_TASK TO COMPLETE_. Set the data below down again, exactly, with every picture left out.

_INFORMATION SHOWN_.
▶
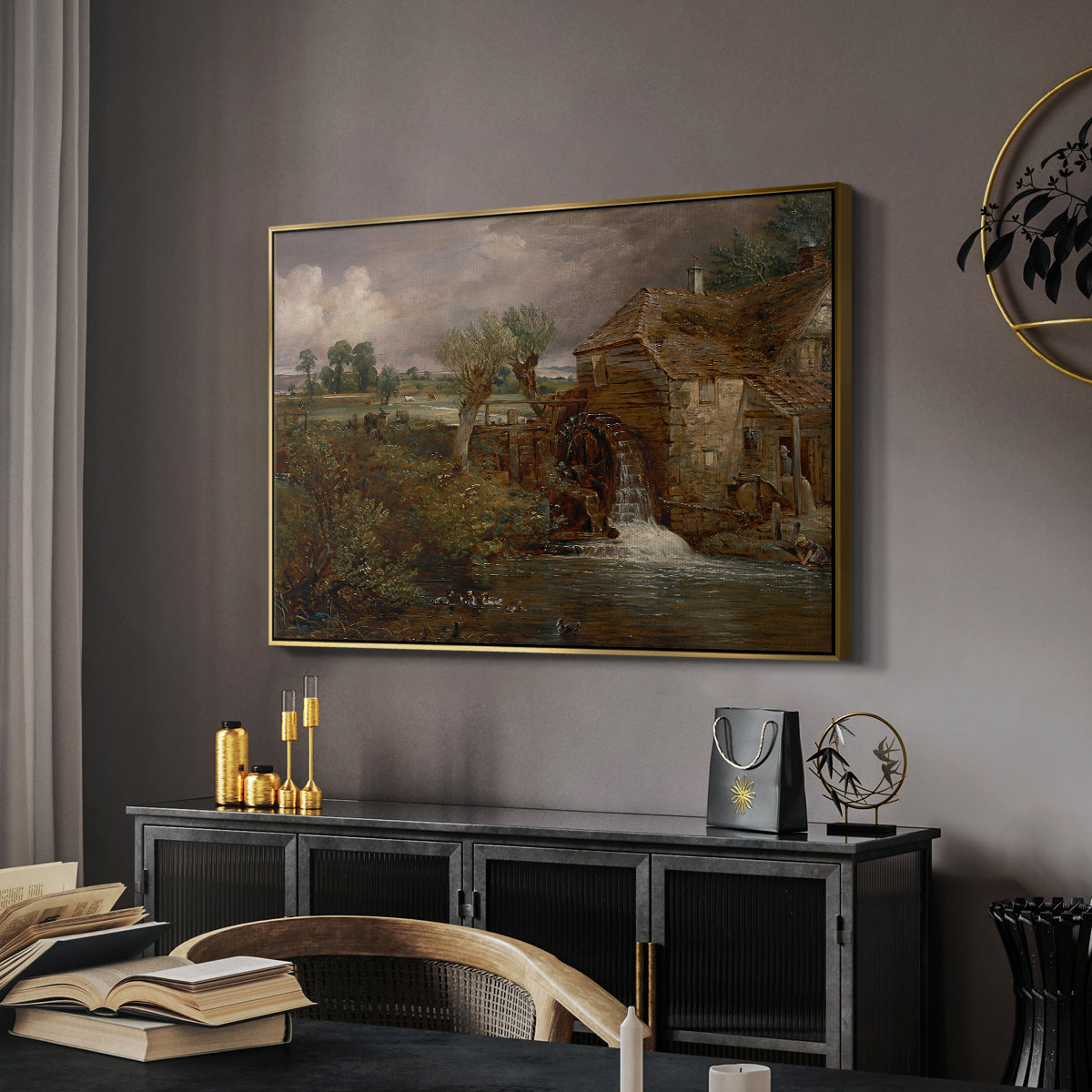 Parham Mill, Gillingham, 1826 - Floater Framed Canvas Print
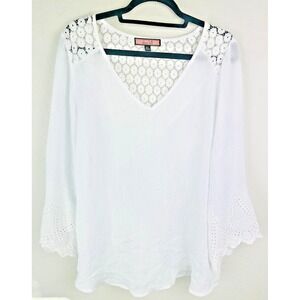 Olive Hill White Boho Lace Bell Sleeve Top Blouse XL V-Neck Crochet Trim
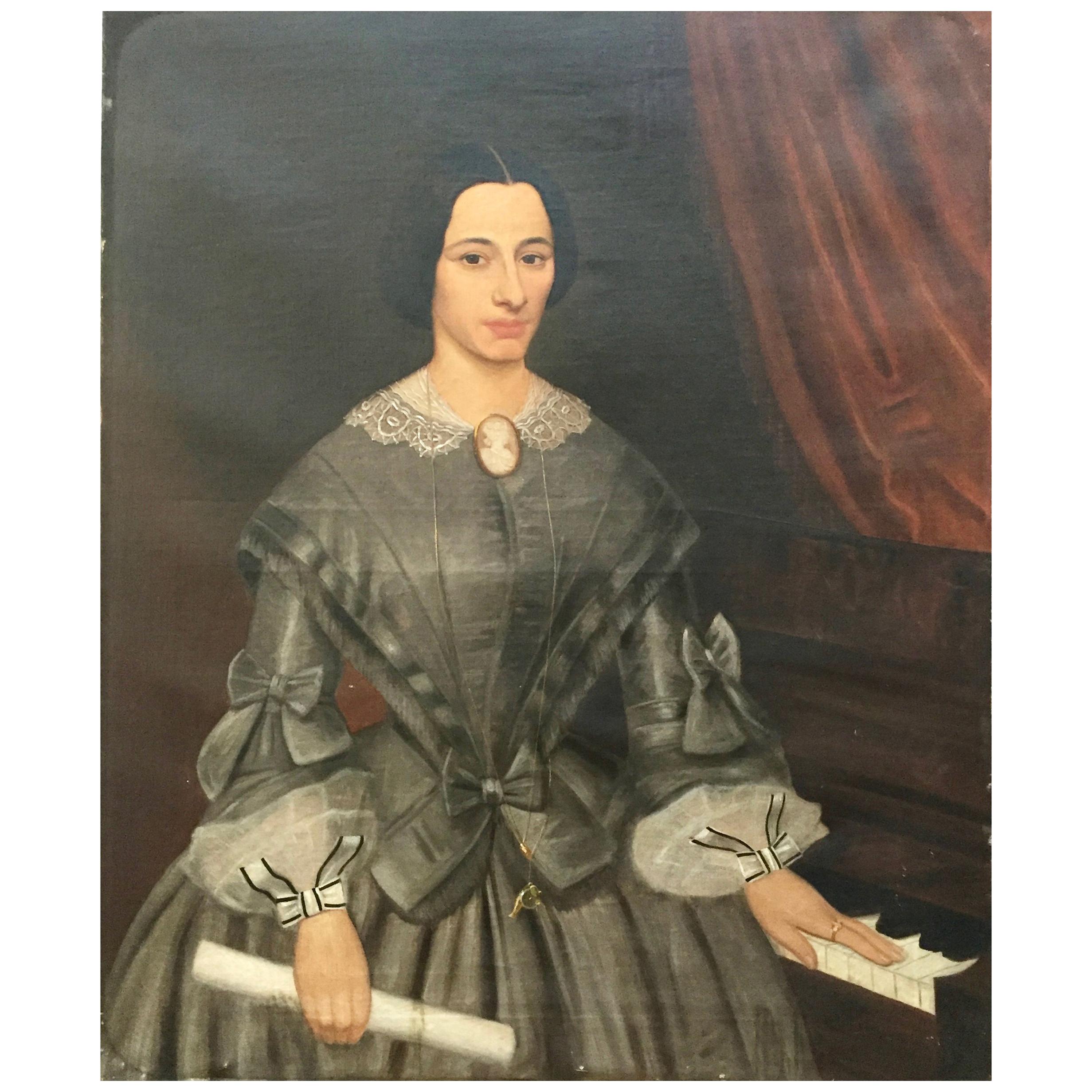 Signed and Dated Large 19th Century Portrait of a Lady with Her Piano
◀
_RESPONSE AREA_.
 Parham Mill, Gillingham, 1826 - Floater Framed Canvas Print
 Olive Hill White Boho Lace Bell Sleeve Top Blouse XL V-Neck Crochet Trim
 Signed and Dated Large 19th Century Portrait of a Lady with Her Piano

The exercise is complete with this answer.